When you decided to launch a new brand, you probably settled back into your chair, hammered out a business plan, created a logo, purchased a domain name, and signed up for a few social media sites, right?

After all, that’s how you start a brand. You give it a name, give it a home, and create the channels where the world interacts with it.

Starting a brand seems like it should be simple. It seems like it should be easy. It seems like it should be fun.

But is it?

For most of us, it’s in the weeks and months after we take the wrapper off of a new brand that we realize a hard truth:

Anyone can start a brand, but the real test is actually making good on the brand’s objectives.

As anyone who’s been working with a new brand for a few months knows, getting traction is complicated.

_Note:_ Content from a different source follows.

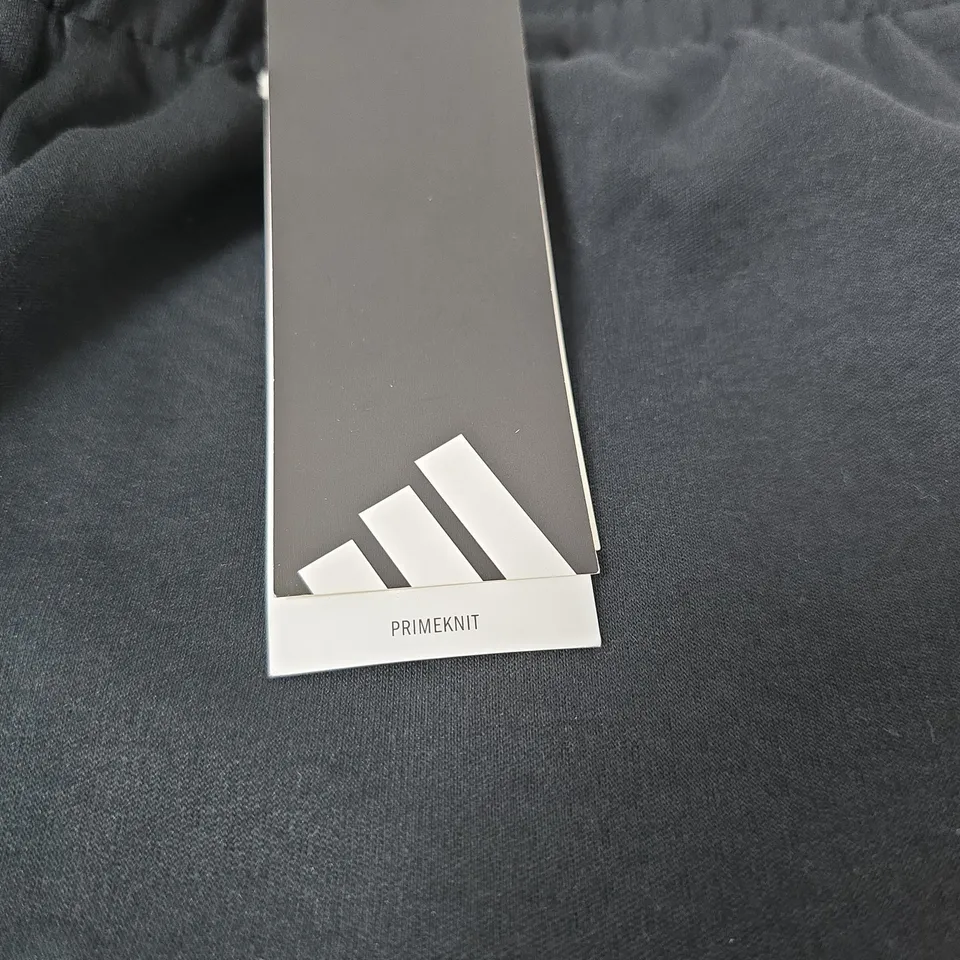 ADIDAS XL BLACK JOGGERS TAGGED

Making money is hard. And within those first few months, gaining new fans is certainly not fun.

Most people get fed up and quit. The motivated ones, like you, scour the Internet for answers.

Either way, it’s frustrating because you don’t know what to do when you first get started.

So, for our very first post on #BrandingHacks, that’s what I decided to talk about. Let’s begin by protecting you from the most common mistakes brands make.

Dumb Mistake #1: Believing that social media is a silver bullet

You’ve convinced yourself of this.

“Everyone is building brands with social media, so we need to be online NOW!”

And it really does make sense. After all, your social media presence will be the place where you communicate with the world. It’s where you can discuss issues or new ideas with existing fans and customers. It’s an invaluable resource for free data that your fans, customers, supports, and haters will offer up for free.

Social media is where it’s at because it totally democratizes the strength a new brand can have. 

When you’re first getting started, it’s likely you won’t have a massive advertising budget to increase awareness for your brand. So with some clever conversations, campaigns, and simply listening to the millions of conversations in your niche, social media is a free way to gain traction, increase awareness, maintain engagement, and have a hell of a lot of fun.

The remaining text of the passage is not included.